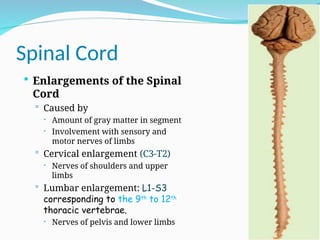 THE gross anatomy of the SPINAL CORD 2024.ppt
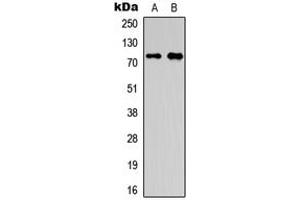 Western blot analysis of OLFML2A expression in HepG2 (A), A549 (B) whole cell lysates. (OLFML2A 抗体  (Center))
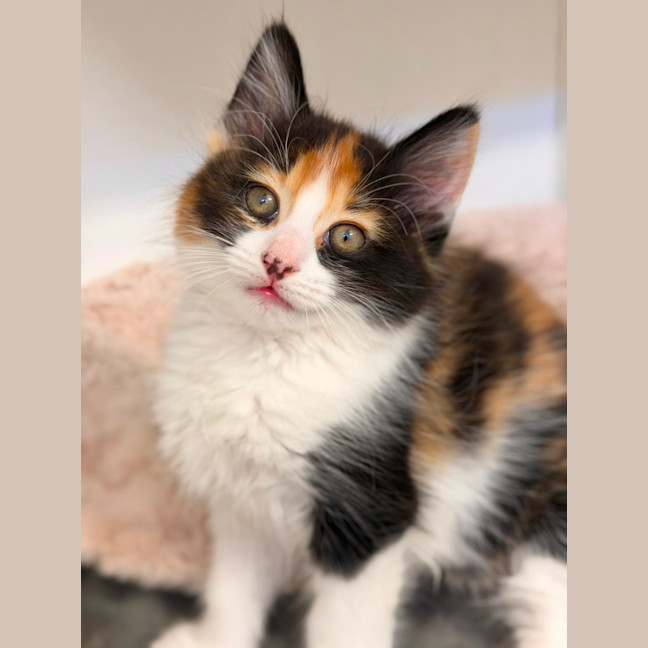 Photo of Poppy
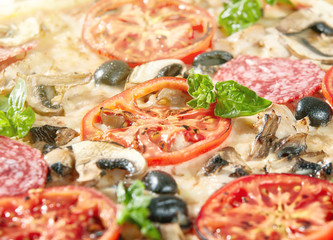 Closeup of pizza with salami, tomatoes and olives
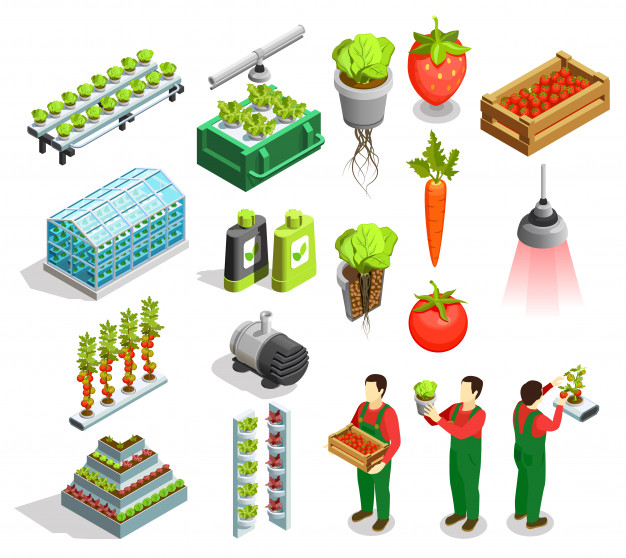 orangery,hydroponic,aquaculture,nutrient,cultivation,irrigation,seedling,fertilizer,plantation,greenhouse,biotechnology,pump,growing,set,collection,sprout,harvest,vegetarian,root,fresh,pot,growth,vegetable,ecology,agriculture,organic,plant,isometric,3d,icons,fruit,farm,water,abstract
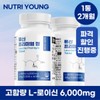 류신 타블렛 유청 단백질 프리미엄 정 1000mg 60정 2개월분 노인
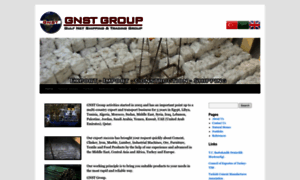 Gnstgroup.com thumbnail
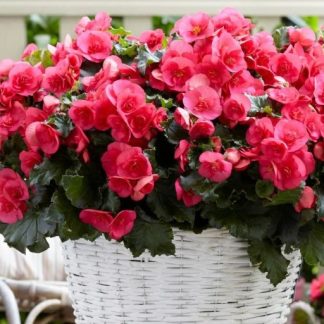Begonia Rieger Evi Bright Pink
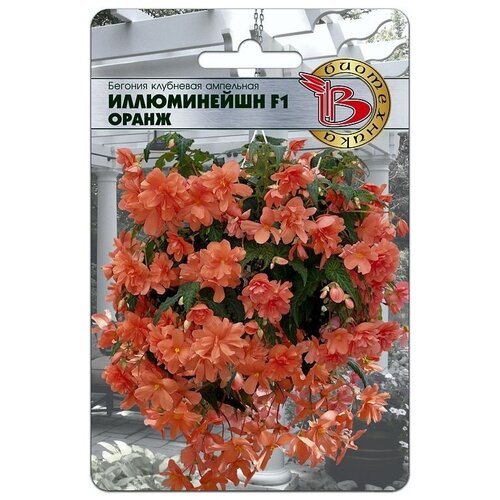 ������ ������ ������ ������� ��������� ��������� 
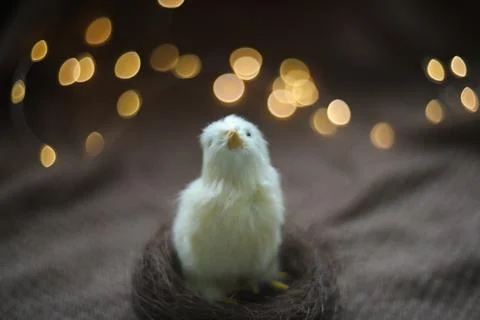 Close-up of a small yellow chicken. Easter card with a copy space. Spring Easter Stock Photos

> _Work instructions_
Each record should be quoted exactly, with the images omitted.

> _Answer area_
 THE gross anatomy of the SPINAL CORD 2024.ppt
 Western blot analysis of OLFML2A expression in HepG2 (A), A549 (B) whole cell lysates. (OLFML2A 抗体  (Center))
 Photo of Poppy
 Closeup of pizza with salami, tomatoes and olives
 orangery,hydroponic,aquaculture,nutrient,cultivation,irrigation,seedling,fertilizer,plantation,greenhouse,biotechnology,pump,growing,set,collection,sprout,harvest,vegetarian,root,fresh,pot,growth,vegetable,ecology,agriculture,organic,plant,isometric,3d,icons,fruit,farm,water,abstract
 류신 타블렛 유청 단백질 프리미엄 정 1000mg 60정 2개월분 노인
 Gnstgroup.com thumbnail
Begonia Rieger Evi Bright Pink
 ������ ������ ������ ������� ��������� ��������� 
 Close-up of a small yellow chicken. Easter card with a copy space. Spring Easter Stock Photos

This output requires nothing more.